The code for making predictions on my final model is located in the nineteenth cell "In[53]" of the Ipython notebook.

Here are the values of probabilities and image id along with each image:

Probabilities = [ 0.40267757 0.15005061 0.14909063 0.14909063 0.14909063]

Predicted Labels = [23, 19, 11, 34, 21]

The model predicts 0.4 probability for Slippery road which is the correct prediction. The other close predictions are : Dangerous curve to the left, Right-of-way at the next intersection, Turn left ahead and Double curve.

Probabilities = [ 0.40460971 0.14884759 0.14884759 0.14884759 0.14884759]

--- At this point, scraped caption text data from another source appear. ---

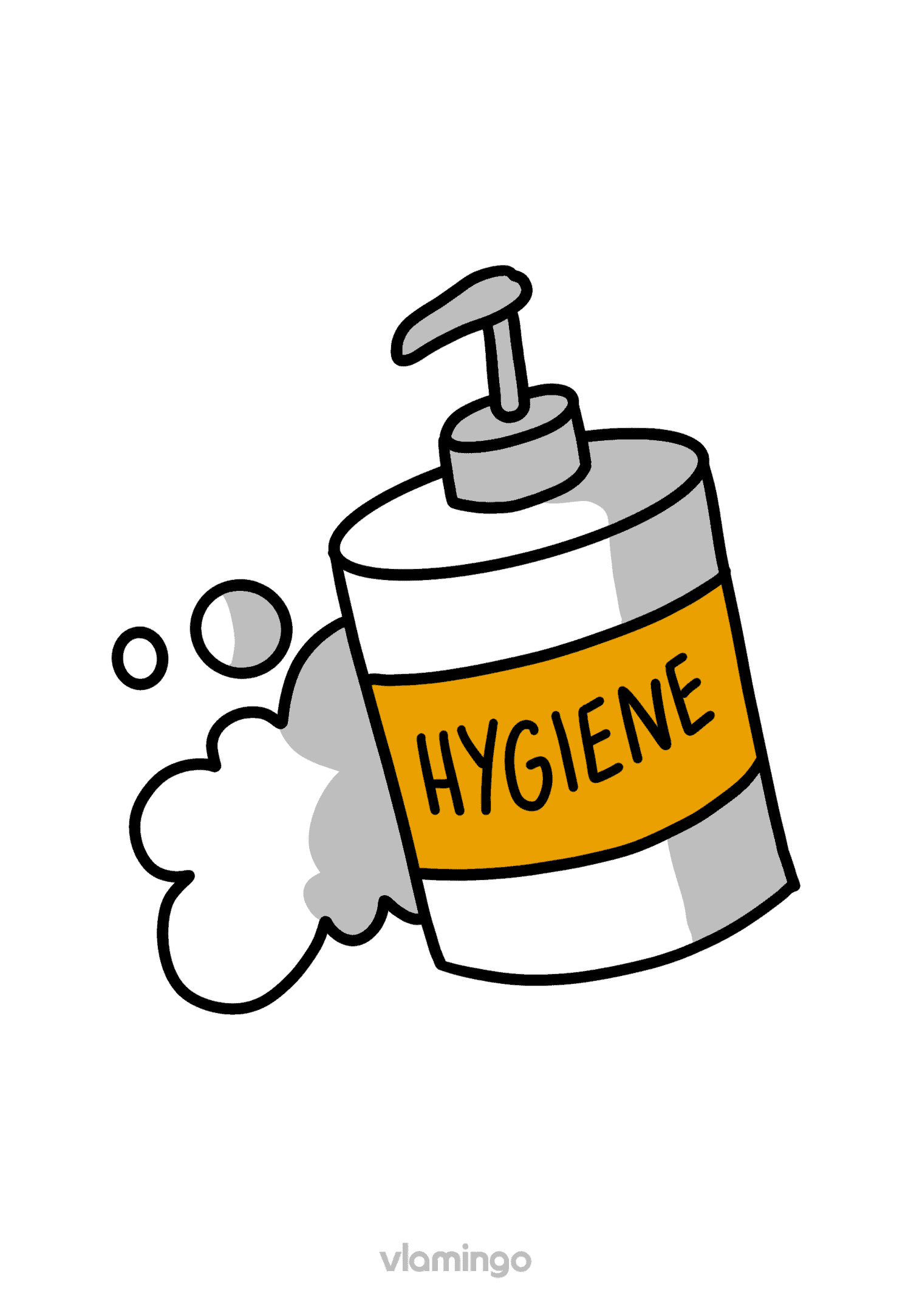 Fußgymnastik - Hygiene-Karte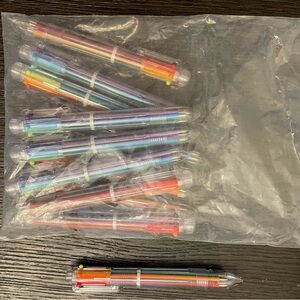 6-in-1 multicolor retractable ballpoint pens- 13 pens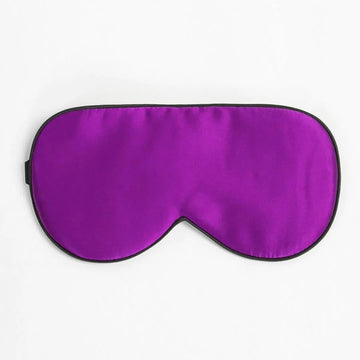 Kandid Pink Silk Eye Mask - The Ideal Blindfold, Adjustable Strap Super-Smooth Soft Sleep Eye Mask For Sleeping - Deep Pink Purple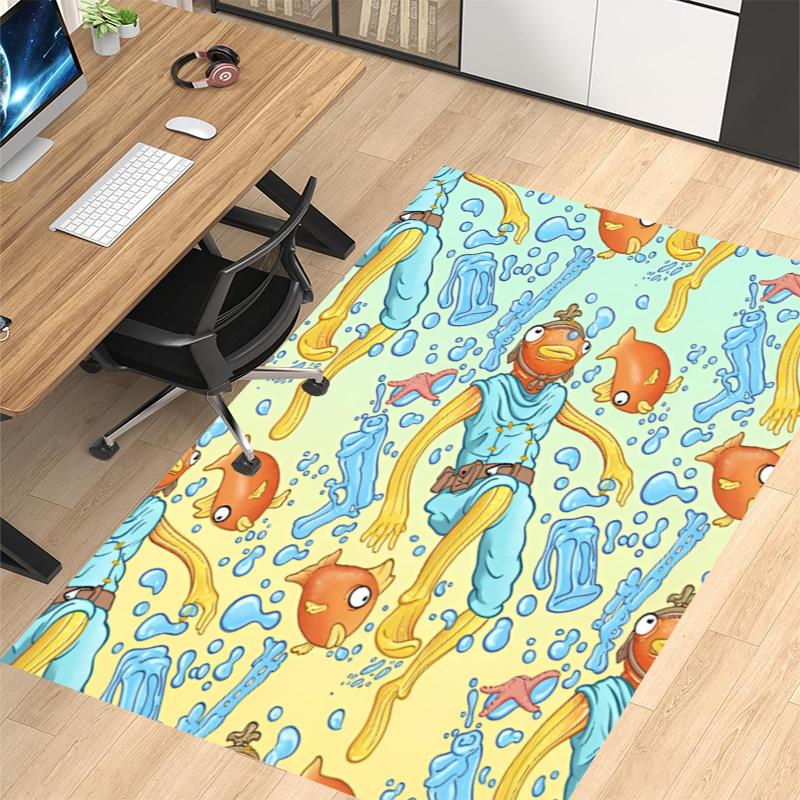 Fortnite Printed Carpet, Rug for Office Chair Living Room Bedroom Kitchen Room Decor Gifts.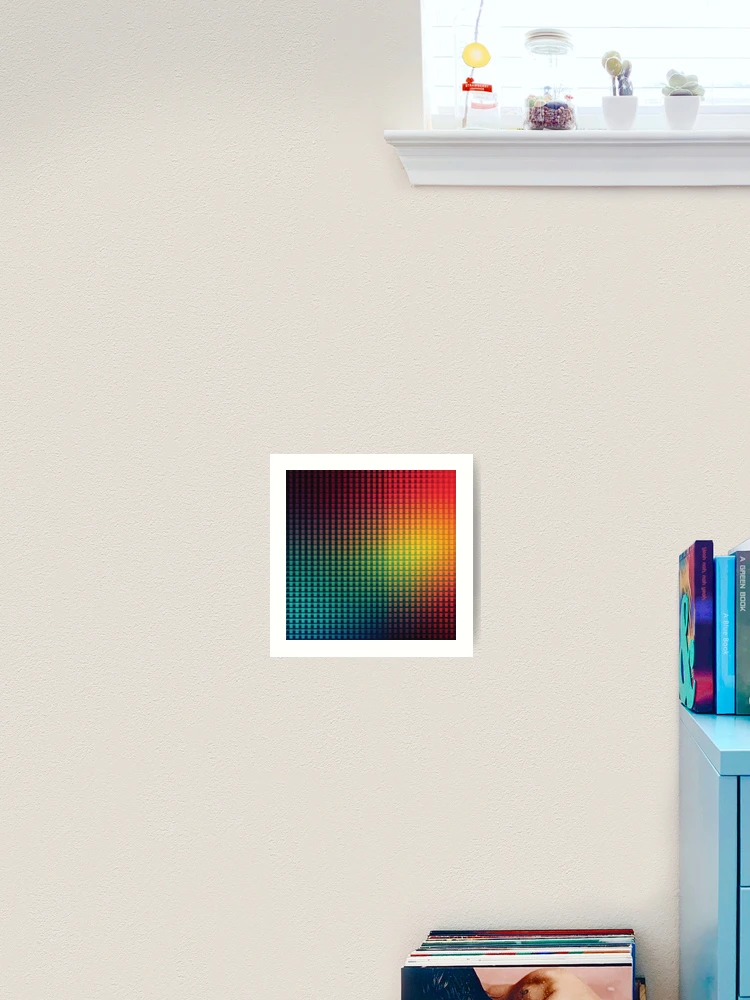 Thumbnail 2 of 3, Art Print, Screen Gradient Colorful Checkerboard Pattern designed and sold by PatternBestFan.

Predicted Labels = [34, 23, 17, 36, 38]

The model predicts 0.4 probability of Turn left ahead which is the correct prediction. Other close predictions are: Slippery road, No entry, Go straight or right and Keep right.

Probabilities = [ 0.30889761 0.21843128 0.15756191 0.1575551 0.15755409]

Predicted Labels = [ 6, 41, 1, 2, 8]

The model predicts 0.3 probability of End of speed limit (80km/h). Model is predicting wrong and the correct answer is speed limit of (50km/h). I believe due to round red coloured sign board, the model is not able to make correct predictions. Data augmentation can improve this.

Probabilities = [ 0.40442264 0.14896369 0.14887123 0.1488712 0.14887121]

Predicted Labels = [ 5, 6, 36, 1, 4] The model predicts 0.4 probability of Speed limit (80km/h), which is also again wrong because this image is also of speed limit of (50km/h).

Probabilities = [ 0.39317906 0.15471518 0.15154389 0.15028842 0.1502735 ]

Predicted Labels = [ 5, 40, 4, 11, 1] The model predicts 0.3 probability of Speed limit (80km/h), which is also again wrong because this image is of Stop sign.

Probabilities = [ 0.40460971 0.14884759 0.14884759 0.14884759 0.14884759]

Predicted Labels = [25, 31, 23, 37, 17] 0.4 probability prediction for Road work sign which is a correct prediction.

Probabilities = [ 0.40460971 0.14884759 0.14884759 0.14884759 0.14884759]

Predicted Labels = [23, 29, 21, 19, 36] 0.4 probability prediction of Slippery road which is also correct prediction.

Probabilities = [ 0.40460438 0.14885083 0.1488483 0.14884827 0.14884825]

Predicted Labels = [ 3, 31, 1, 6, 5] 0.3 probability prediction for speed limit of 60 km/hr which is a correct prediction.

Probabilities = [ 0.40460971 0.14884759 0.14884759 0.14884759 0.14884759]

Predicted Labels = [ 1, 2, 5, 0, 3] 0.4 probability prediction of Speed Limit 30 km/hr which is a correct prediction.

Probabilities = [ 0.40460971 0.14884759 0.14884759 0.14884759 0.14884759]

Predicted Labels = [18, 27, 26, 21, 0] 0.4 probability prediction of General caution which again is the correct prediction.